The next step in analysing your target audience will be to segment the audience and to create personas so you have a very clear picture in mind of who you are talking to when creating a campaign or a piece of content.
Start thinking of your business as a brand, and clearly define your value proposition and core values, so that there is one unified message encompassing all customers touch points. Your message may be about your unique selling proposition, your purpose, points of difference or anything that makes your brand unique.
Social media is all about story-telling, but there is a lot of competition out there. Make sure that your message is as unique as possible and delivered as consistently as possible by all stakeholders and marketing channels. Consistency in delivery lies largely in making sure that your brand experience is unified at every point of customer contact, so you’ll need to start by defining these.
When it comes to digital, and content marketing in particular, you’ll need to ensure that your brand voice and tone of voice are as coherent as possible across all channels, including social media. Having one ‘source of truth’ document like a brand bible (not only a visual style guide but also containing writing guidelines) for every content creator in the business to rely upon will facilitate consistency. As more and more stakeholders participate in marketing efforts and as the brand evolves, the document will be updated but consistency will be maintained.
Depending on the industry you operate in, social media may very likely be a crowded place with countless other brands fighting for their share of voice.
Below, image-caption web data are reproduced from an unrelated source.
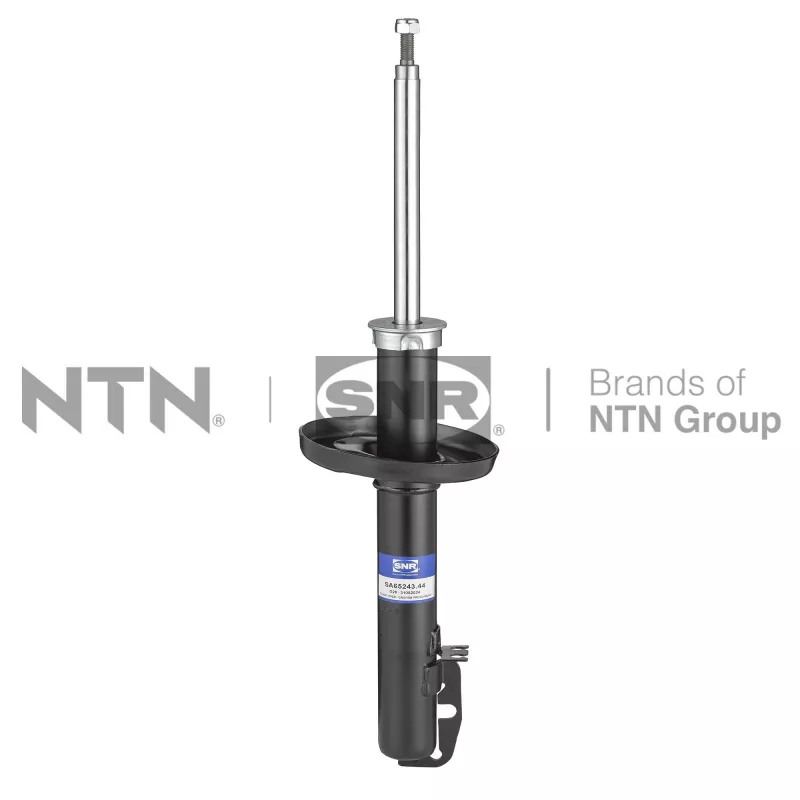 Jeu de 2 amortisseurs avant SNR SA65243.44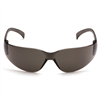 Pyramex Safety - Venture II - Black Frame/Gray Lens  , Sold 12/BOX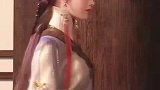 温婉清冷的神仙姐姐，灵犀也太美了吧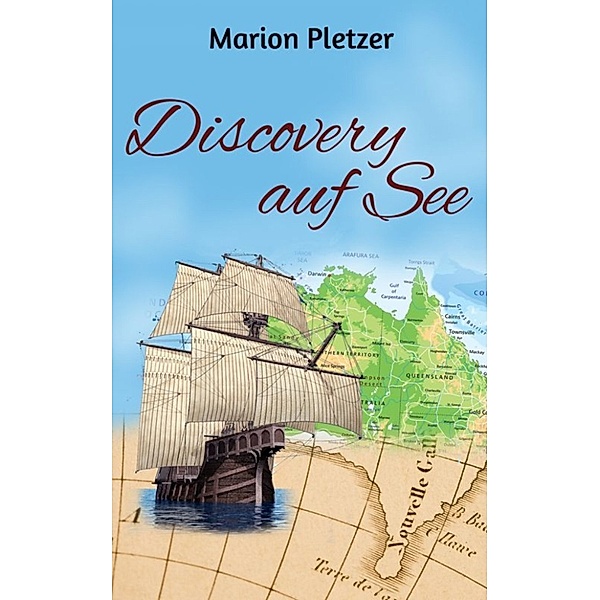 Discovery auf See, Marion Pletzer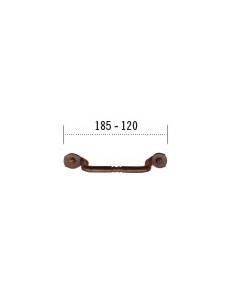 IL FORGIATO - fm302b 2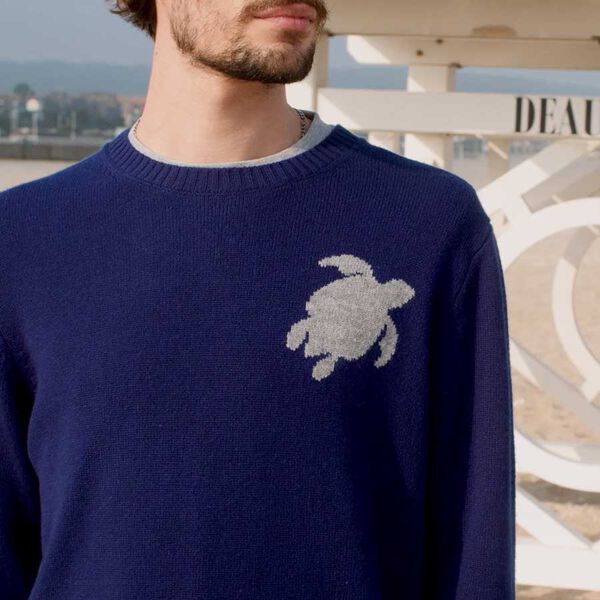 Vilebrequin - Tops d'hiver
This is where having a unique brand message and a consistent voice will become crucial for your brand to stand out and grow a base of followers.
Once you have defined what makes you unique and different, look at what competitors are doing. What platforms are they on, how many followers do they have, how often and what type of content do they post? How do they engage with their communities, what stories do they tell?
This benchmarking exercise will give you a much better idea of what you are standing against, dos and don’ts, and may help you identify competitors’ weaknesses or missed opportunities in the market.
It will also guide you when it comes to how much time, money, and resources you need to invest to be able to compete. If you’re starting from scratch and are competing against brands with hundreds of thousands of followers, you will have a long road ahead (but it will probably be worth the challenge if the market is this big).
Once you’ve thought about the questions surrounding your audience, your brand and your competition, you should have a much better idea of where you stand, and whether or not you are indeed going to jump onto the social bandwagon.
If the answer is yes, and before going any further, this is when you will need to start thinking about the logistics. Do you have the resources and skills in house to carry out this project?
Social media can look deceptively quick and easy from the outside, but the simplicity of a visual may well hide hours of work behind the scenes. Make sure you assess the resourcing requirements as accurately as possible to avoid doing a rushed job and producing average quality content.
Last but not least, not only is social media time consuming, but it also requires a skilled individual (or team) to manage it in a way that will meet all your business goals, and will follow best practice. Understanding of marketing, creativity, technical abilities, community management and data analysis are just a few of the skills you will need your social media manager to develop and keep nourishing.